Jan 28 (Reuters) - Raymond James Financial RJF.N reported a fall in first-quarter profit on Wednesday as weakness in its capital markets business outweighed growth in its asset management division.
The company said it generated lower mergers and acquisitions and advisory revenue, even as other investment banks benefited from a strong dealmaking pipeline in the reported quarter.
"While investment banking revenues were lower in the fiscal first quarter largely due to the timing of closings, the pipeline remains strong," Raymond James said in a statement.
Quarterly net revenue from capital markets fell 21% from the year earlier to $380 million.
Shares of the company, which have gained about 3.4% in 2025, were down marginally in trading after the bell.
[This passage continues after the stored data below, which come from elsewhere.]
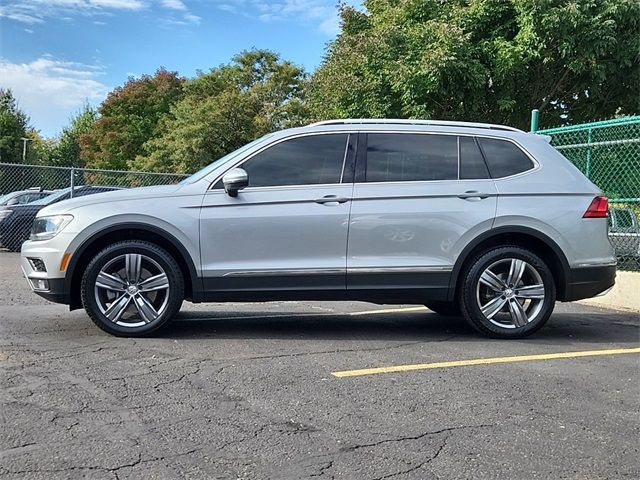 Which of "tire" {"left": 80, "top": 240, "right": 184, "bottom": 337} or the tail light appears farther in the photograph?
the tail light

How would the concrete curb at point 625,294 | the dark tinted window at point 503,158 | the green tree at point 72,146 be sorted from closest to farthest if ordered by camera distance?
the dark tinted window at point 503,158 < the concrete curb at point 625,294 < the green tree at point 72,146

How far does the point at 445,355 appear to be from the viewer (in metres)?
5.00

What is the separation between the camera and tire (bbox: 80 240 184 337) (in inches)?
207

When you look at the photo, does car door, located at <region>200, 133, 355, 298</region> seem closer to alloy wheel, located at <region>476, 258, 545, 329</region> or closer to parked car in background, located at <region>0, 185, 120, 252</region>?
alloy wheel, located at <region>476, 258, 545, 329</region>

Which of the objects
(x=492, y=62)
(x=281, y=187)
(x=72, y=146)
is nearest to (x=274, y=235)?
(x=281, y=187)

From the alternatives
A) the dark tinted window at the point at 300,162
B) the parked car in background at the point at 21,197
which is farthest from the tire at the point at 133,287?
the parked car in background at the point at 21,197

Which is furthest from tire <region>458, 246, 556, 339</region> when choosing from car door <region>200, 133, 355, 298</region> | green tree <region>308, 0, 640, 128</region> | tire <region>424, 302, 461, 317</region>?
green tree <region>308, 0, 640, 128</region>

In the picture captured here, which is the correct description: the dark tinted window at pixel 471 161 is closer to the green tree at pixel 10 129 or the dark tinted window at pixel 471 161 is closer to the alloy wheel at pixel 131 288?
the alloy wheel at pixel 131 288

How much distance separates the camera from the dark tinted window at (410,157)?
18.4ft

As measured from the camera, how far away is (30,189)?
1480 centimetres

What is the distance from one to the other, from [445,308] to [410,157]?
6.23 ft

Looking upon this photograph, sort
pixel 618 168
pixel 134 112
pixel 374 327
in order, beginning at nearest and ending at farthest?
pixel 374 327
pixel 618 168
pixel 134 112

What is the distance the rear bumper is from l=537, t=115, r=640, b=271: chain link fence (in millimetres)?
2136

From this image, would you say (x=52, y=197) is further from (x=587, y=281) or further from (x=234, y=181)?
(x=587, y=281) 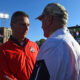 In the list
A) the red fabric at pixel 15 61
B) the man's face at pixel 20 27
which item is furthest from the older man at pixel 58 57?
the man's face at pixel 20 27

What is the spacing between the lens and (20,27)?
290 centimetres

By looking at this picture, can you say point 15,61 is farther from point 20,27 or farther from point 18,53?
point 20,27

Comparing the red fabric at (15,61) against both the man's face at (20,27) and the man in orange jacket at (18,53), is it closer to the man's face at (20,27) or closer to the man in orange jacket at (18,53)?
the man in orange jacket at (18,53)

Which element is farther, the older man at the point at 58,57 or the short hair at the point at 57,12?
the short hair at the point at 57,12

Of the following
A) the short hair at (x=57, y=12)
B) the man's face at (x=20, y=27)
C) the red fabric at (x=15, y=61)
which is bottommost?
the red fabric at (x=15, y=61)

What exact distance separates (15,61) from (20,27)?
537 mm

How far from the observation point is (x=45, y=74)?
62.4 inches

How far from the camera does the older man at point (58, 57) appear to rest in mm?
1578

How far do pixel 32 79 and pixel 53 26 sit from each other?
1.69ft

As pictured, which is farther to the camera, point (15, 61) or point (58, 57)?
point (15, 61)

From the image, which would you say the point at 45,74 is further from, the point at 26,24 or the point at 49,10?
the point at 26,24

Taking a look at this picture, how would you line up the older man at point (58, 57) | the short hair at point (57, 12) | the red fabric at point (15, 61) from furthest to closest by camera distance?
1. the red fabric at point (15, 61)
2. the short hair at point (57, 12)
3. the older man at point (58, 57)

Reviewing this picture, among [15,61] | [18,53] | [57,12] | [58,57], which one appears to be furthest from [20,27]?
[58,57]

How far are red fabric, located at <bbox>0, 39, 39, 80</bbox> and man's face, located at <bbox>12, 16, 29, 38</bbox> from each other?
16 centimetres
Optimism around artificial intelligence-linked stocks and rate cuts from the U.S. Federal Reserve have fueled a record market rally, bringing in more fees for asset managers such as Raymond James.
A rallying stock market helps asset managers as higher stock prices lift assets under management, raking in more in fees without inflows.
Total non‑interest expenses rose 8% from a year earlier to $3.01 billion, driven by higher compensation costs.
The company's asset management revenue rose 11% to $326 million from the year-ago period.
Revenue from its private client group - the company's biggest source of revenue - rose 9% to $2.77 billion. The unit provides specialized financial services such as wealth management to high-net-worth individuals, families and businesses.
Profit in the quarter was $562 million, or $2.79 per share, compared with $599 million, or $2.86 per share, a year earlier.